The US House of Representatives has passed a landmark bill that would enshrine federal protections for same-sex and interracial marriage.

It will now head to the desk of President Joe Biden, who has previously shown his support for the legislation and said he looks forward to signing it into law.

“Today, we stand up to the values the vast majority of Americans hold dear – a belief in the dignity, beauty and divinity in every person in abiding respect for love so powerful that it binds two people together,” said House Speaker Nancy Pelosi on 8 December.

The Respect for Marriage Act passed the Democratic-led House by a vote of 258-169-1.

It was supported by all Democrats and 39 Republicans.

The bill originally passed the house in July before the Senate on 29 November.
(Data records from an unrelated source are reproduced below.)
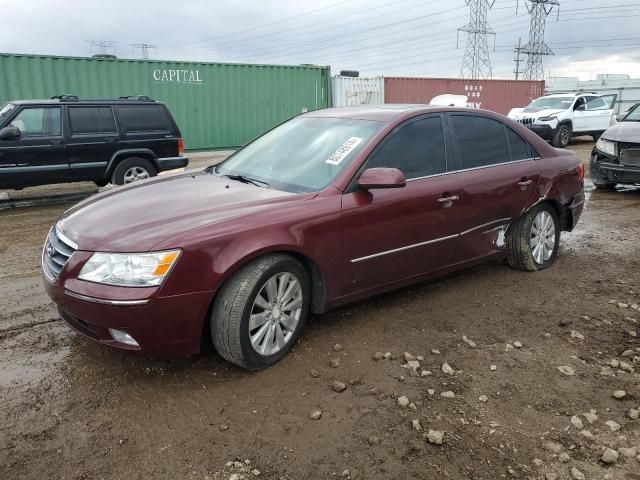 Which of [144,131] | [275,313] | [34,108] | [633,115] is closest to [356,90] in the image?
[633,115]

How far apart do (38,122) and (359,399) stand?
7.76 m

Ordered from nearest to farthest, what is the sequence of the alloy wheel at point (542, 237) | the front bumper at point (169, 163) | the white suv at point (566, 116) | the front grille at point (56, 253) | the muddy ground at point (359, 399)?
the muddy ground at point (359, 399) < the front grille at point (56, 253) < the alloy wheel at point (542, 237) < the front bumper at point (169, 163) < the white suv at point (566, 116)

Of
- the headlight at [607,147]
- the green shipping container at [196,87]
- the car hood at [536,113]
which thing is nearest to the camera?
the headlight at [607,147]

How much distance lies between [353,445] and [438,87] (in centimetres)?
2162

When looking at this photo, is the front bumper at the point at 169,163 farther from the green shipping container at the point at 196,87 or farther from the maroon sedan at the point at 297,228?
the green shipping container at the point at 196,87

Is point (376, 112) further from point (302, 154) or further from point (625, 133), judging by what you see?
point (625, 133)

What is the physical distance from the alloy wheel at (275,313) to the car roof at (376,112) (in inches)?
59.6

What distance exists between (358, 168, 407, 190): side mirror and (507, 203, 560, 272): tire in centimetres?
179

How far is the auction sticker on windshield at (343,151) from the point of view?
12.2 feet

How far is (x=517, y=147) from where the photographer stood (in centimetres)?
479

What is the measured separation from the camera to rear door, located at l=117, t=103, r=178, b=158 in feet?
30.3

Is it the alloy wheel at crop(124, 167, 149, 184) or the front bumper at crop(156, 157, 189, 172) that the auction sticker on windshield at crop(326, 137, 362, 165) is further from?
the front bumper at crop(156, 157, 189, 172)

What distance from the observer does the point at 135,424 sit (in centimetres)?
272

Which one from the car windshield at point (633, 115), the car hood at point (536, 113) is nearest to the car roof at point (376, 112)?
the car windshield at point (633, 115) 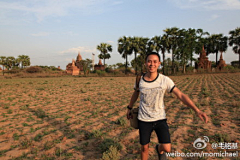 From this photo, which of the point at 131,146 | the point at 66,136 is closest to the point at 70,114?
the point at 66,136

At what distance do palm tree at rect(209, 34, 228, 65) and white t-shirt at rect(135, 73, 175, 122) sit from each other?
52262 millimetres

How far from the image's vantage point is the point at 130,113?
277 centimetres

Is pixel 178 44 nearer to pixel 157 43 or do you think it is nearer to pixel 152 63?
pixel 157 43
The current version of it contains an amendment giving additional protections for religious liberty and faith-based nonprofits, something that Republicans were in favour of.

The overturning of Roe v. Wade earlier this year threw other rights into question, with advocates pushing Congress to enshrine them into law as a result.

In his opinion of the Dobbs v. Jackson Women’s Health Organization case, Justice Clarence Thomas called into question the legality of rights such as same-sex marriage.

He said the Supreme Court should “reconsider” decisions like Obergefell v. Hodges, which introduced marriage equality to all 50 states in 2015.